== ASSIGNMENT ==
Return each entry below word for word, leaving out any image.

[[ RECORDED INFORMATION, beginning ]]

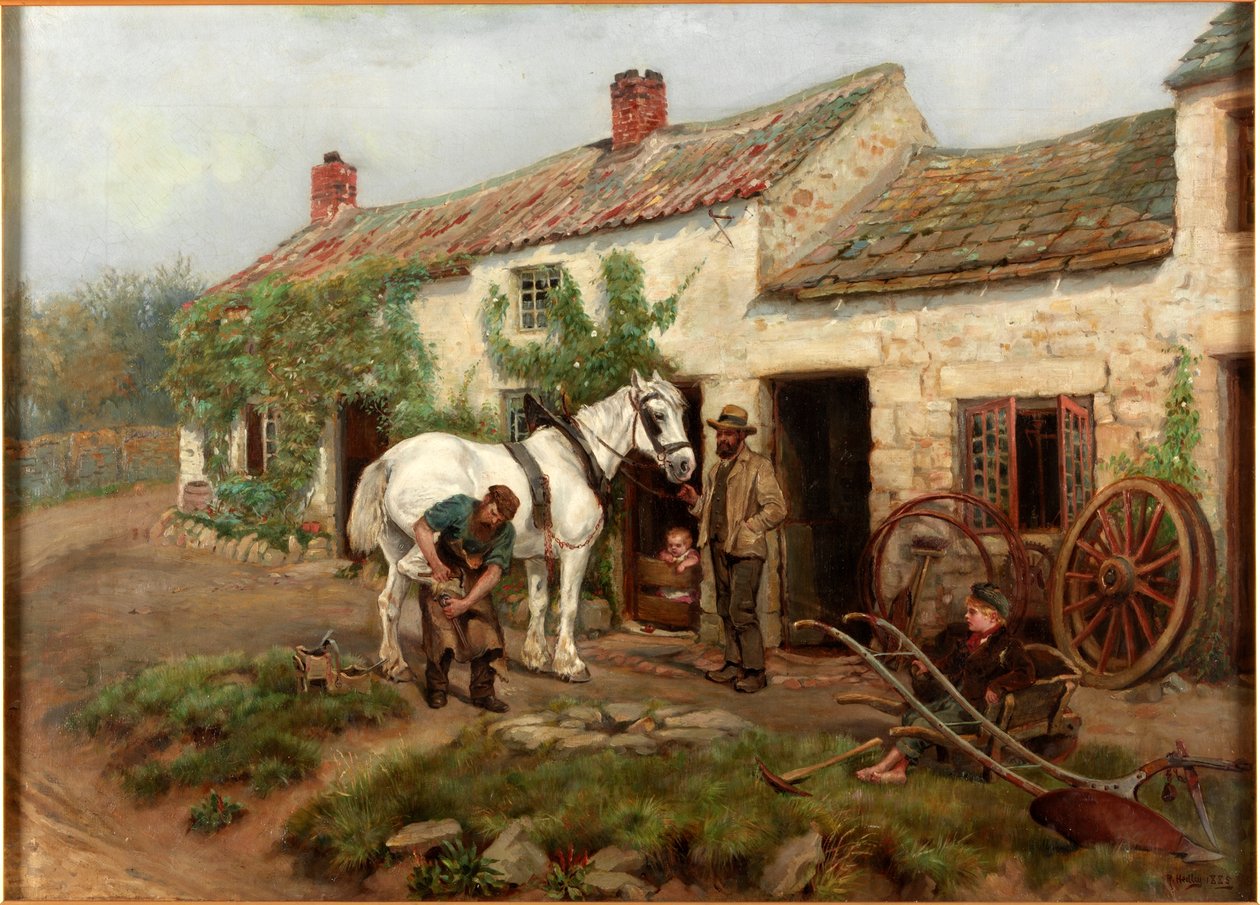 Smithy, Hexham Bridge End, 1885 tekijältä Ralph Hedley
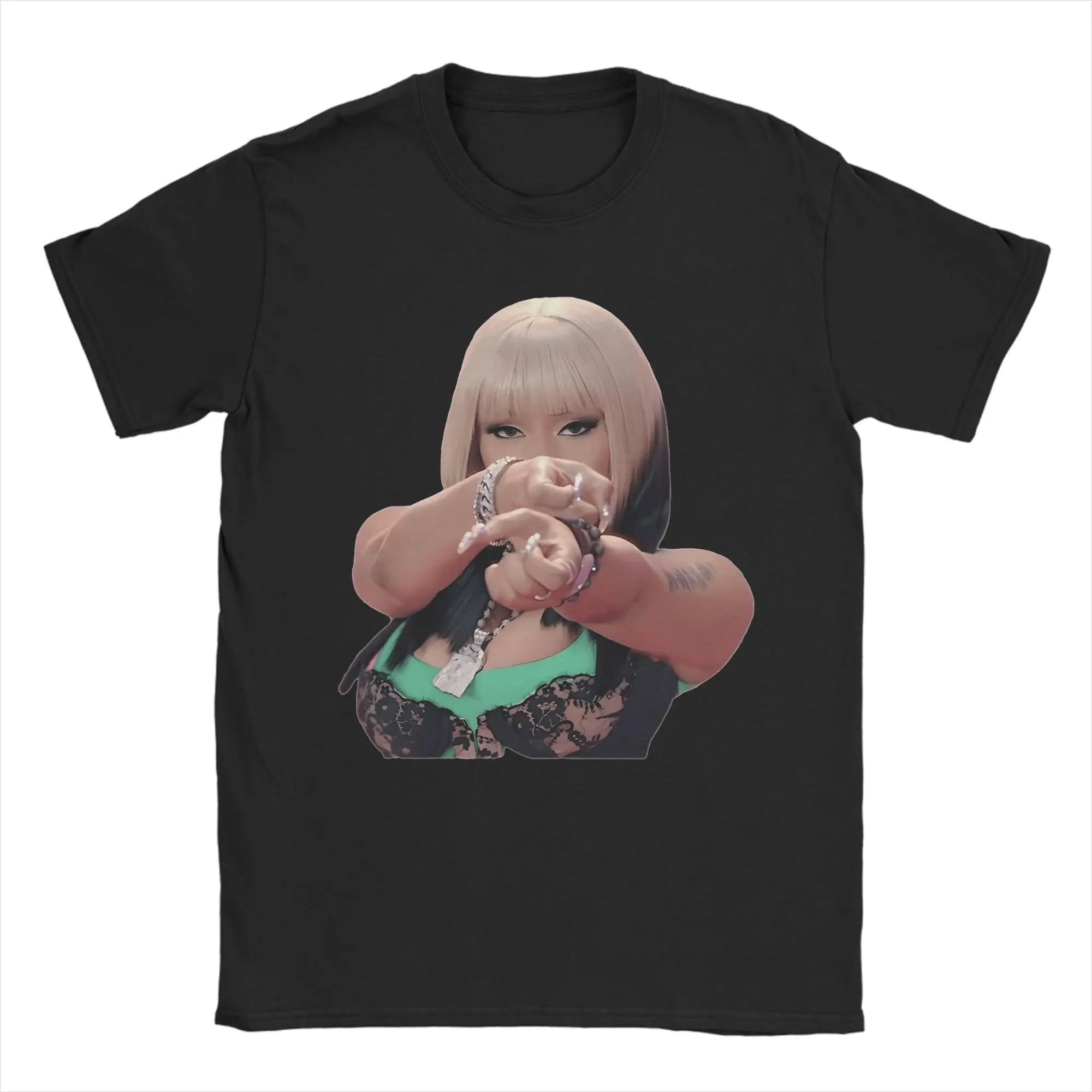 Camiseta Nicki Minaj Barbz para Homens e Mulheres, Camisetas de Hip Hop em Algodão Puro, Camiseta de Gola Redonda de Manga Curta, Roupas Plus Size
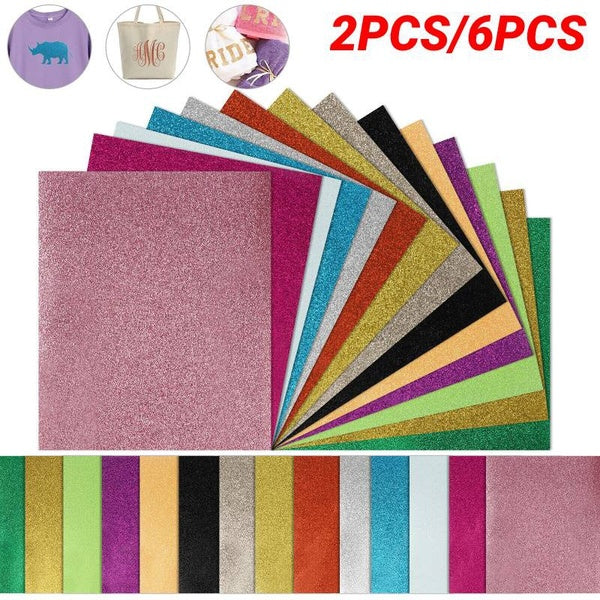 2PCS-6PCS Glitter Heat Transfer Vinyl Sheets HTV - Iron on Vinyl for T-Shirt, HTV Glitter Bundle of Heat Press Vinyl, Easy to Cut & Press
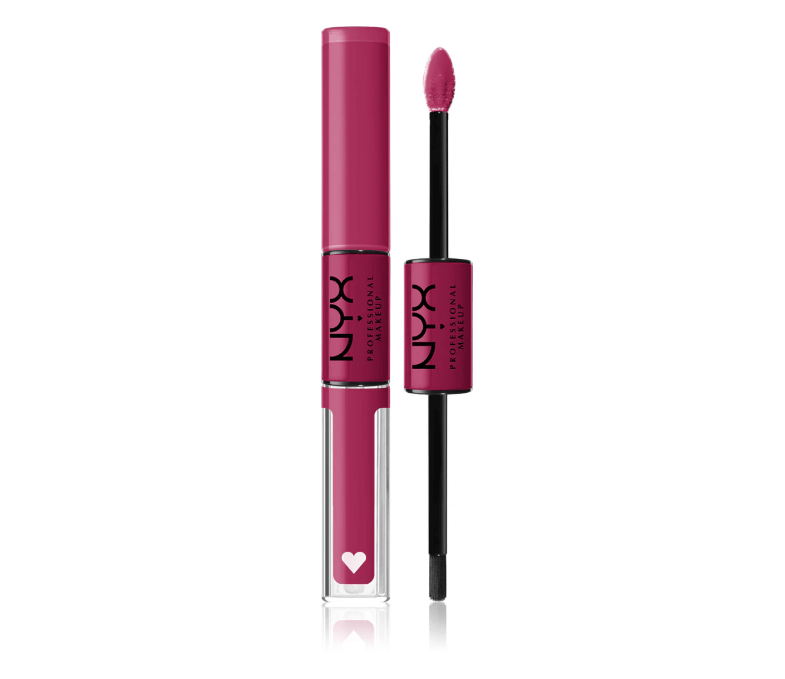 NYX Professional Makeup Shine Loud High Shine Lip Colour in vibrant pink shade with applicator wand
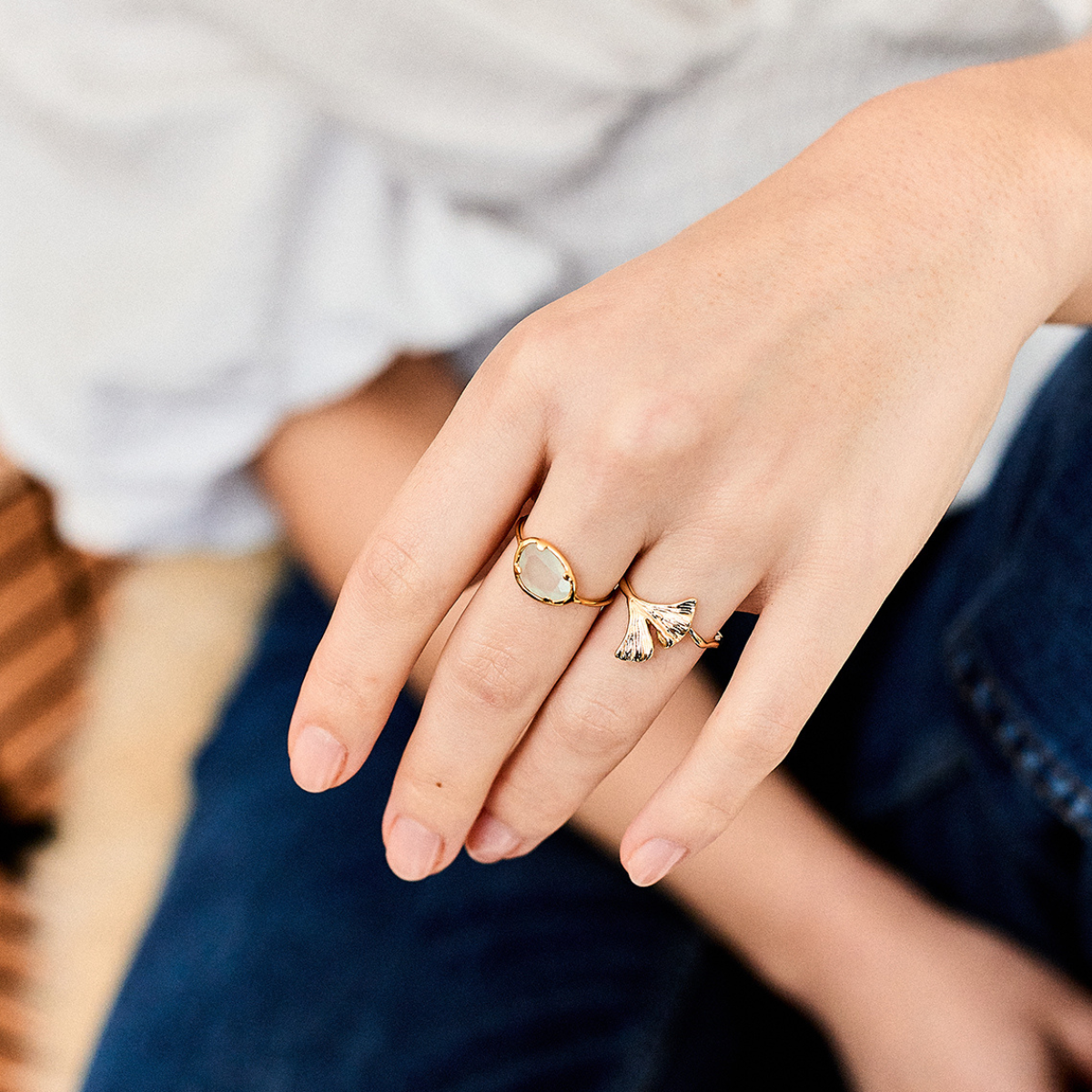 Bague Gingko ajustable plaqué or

[[ RECORDED INFORMATION, end ]]

== RESPONSE BELOW ==
 Smithy, Hexham Bridge End, 1885 tekijältä Ralph Hedley
 Camiseta Nicki Minaj Barbz para Homens e Mulheres, Camisetas de Hip Hop em Algodão Puro, Camiseta de Gola Redonda de Manga Curta, Roupas Plus Size
 2PCS-6PCS Glitter Heat Transfer Vinyl Sheets HTV - Iron on Vinyl for T-Shirt, HTV Glitter Bundle of Heat Press Vinyl, Easy to Cut & Press
 NYX Professional Makeup Shine Loud High Shine Lip Colour in vibrant pink shade with applicator wand
 Bague Gingko ajustable plaqué or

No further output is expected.